WHAT IS NEEDED: Reproduce the records precisely. Omit every picture.
########################################
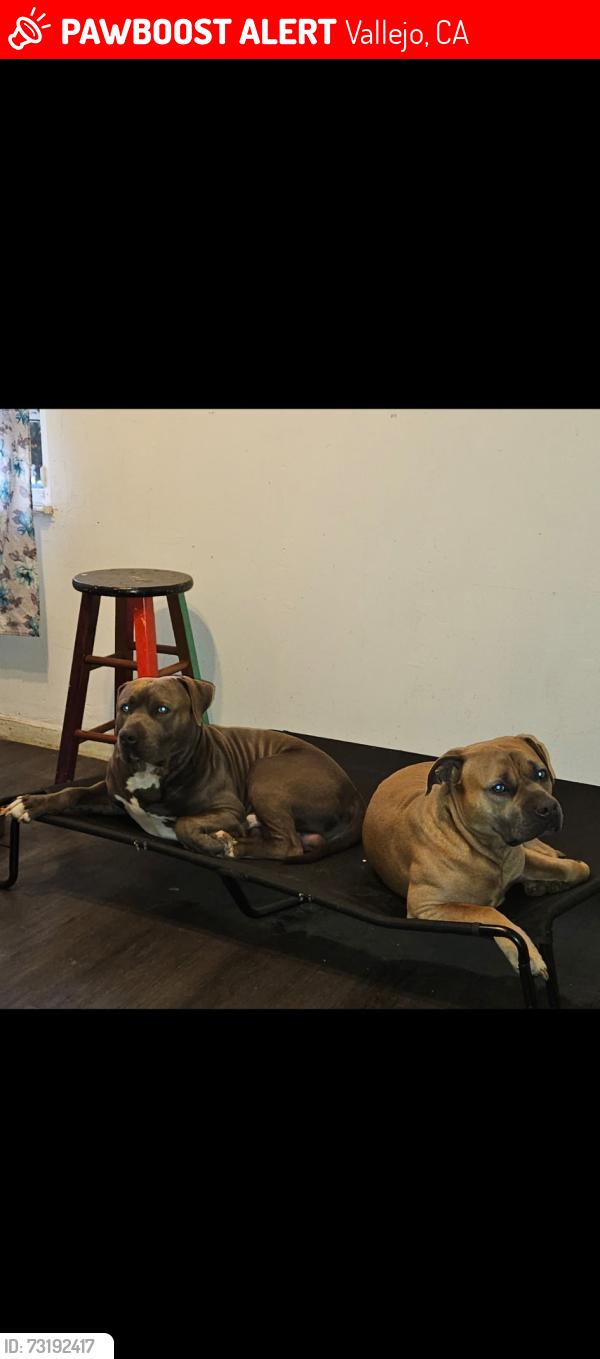 Lost Male Dog last seen Beverly hills vallejo, Vallejo, CA 94591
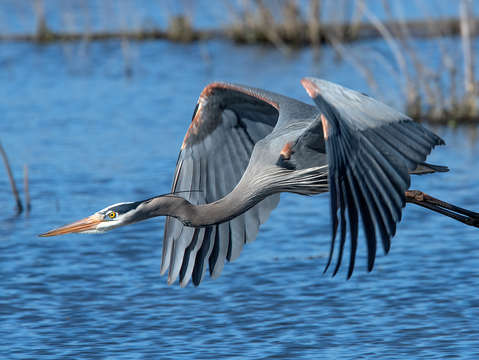 Great blue heron in flight dmsb0151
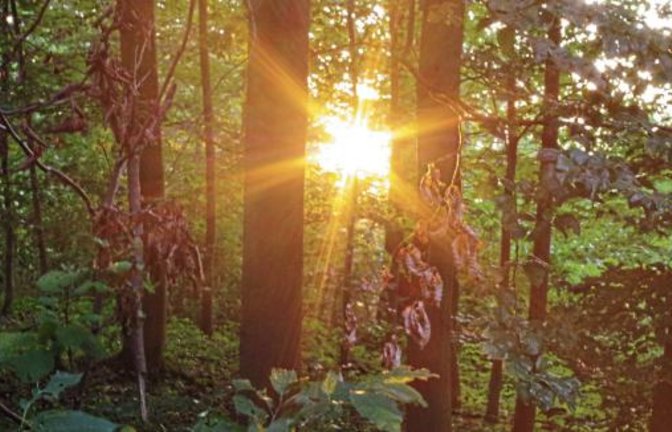 Auch im Wald zwischen Hochdorf und Eberdingen hat die Trockenheit Spuren hinterlassen, wie das linke Foto von Ende August zeigt. Das rechte Foto zeigt Revierförster Steffen Frank (links) neben Bürgermeister Peter Schäfer während der Sitzung des Eberdinger Gemeinderats. Fotos: Romanowski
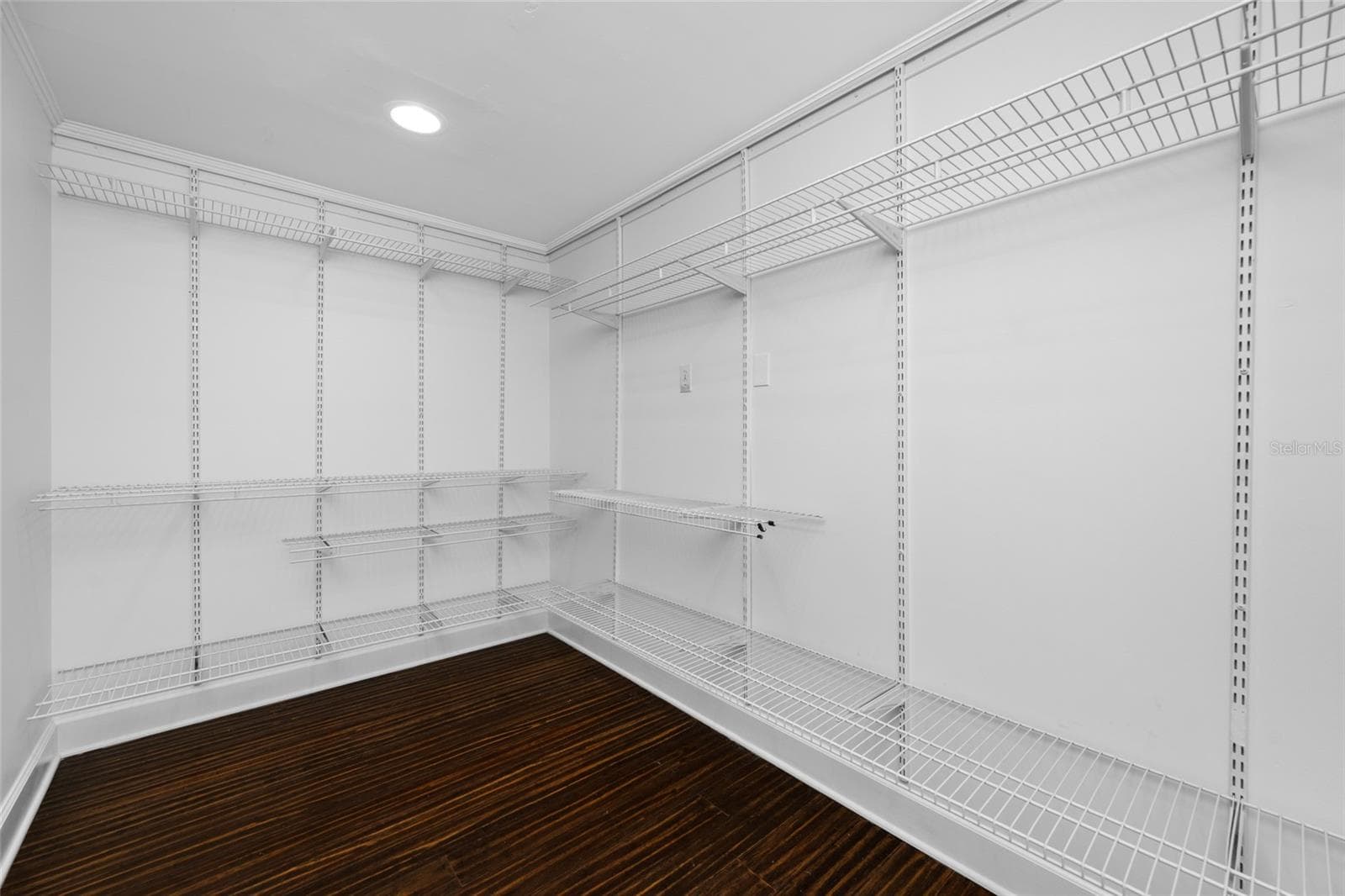 Primary walk -in closet - 2121 W FARWELL DR, TAMPA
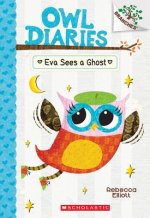 Eva Sees a Ghost: A Branches Book (Owl Diaries #2)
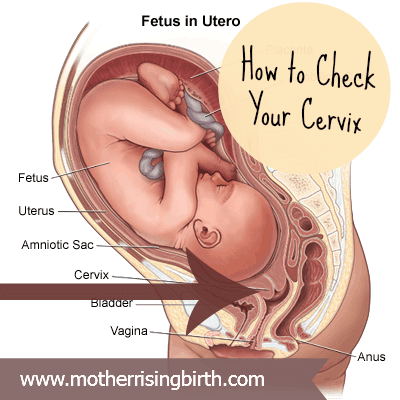 Cervical Dilation And How To Check Your Cervix Mother Rising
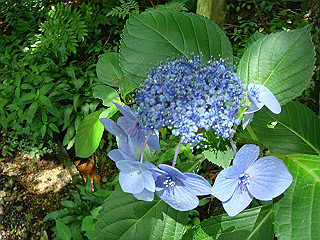 dsc03364_thumb.jpg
########################################
TASK ANSWER:
 Lost Male Dog last seen Beverly hills vallejo, Vallejo, CA 94591
 Great blue heron in flight dmsb0151
 Auch im Wald zwischen Hochdorf und Eberdingen hat die Trockenheit Spuren hinterlassen, wie das linke Foto von Ende August zeigt. Das rechte Foto zeigt Revierförster Steffen Frank (links) neben Bürgermeister Peter Schäfer während der Sitzung des Eberdinger Gemeinderats. Fotos: Romanowski
 Primary walk -in closet - 2121 W FARWELL DR, TAMPA
 Eva Sees a Ghost: A Branches Book (Owl Diaries #2)
 Cervical Dilation And How To Check Your Cervix Mother Rising
 dsc03364_thumb.jpg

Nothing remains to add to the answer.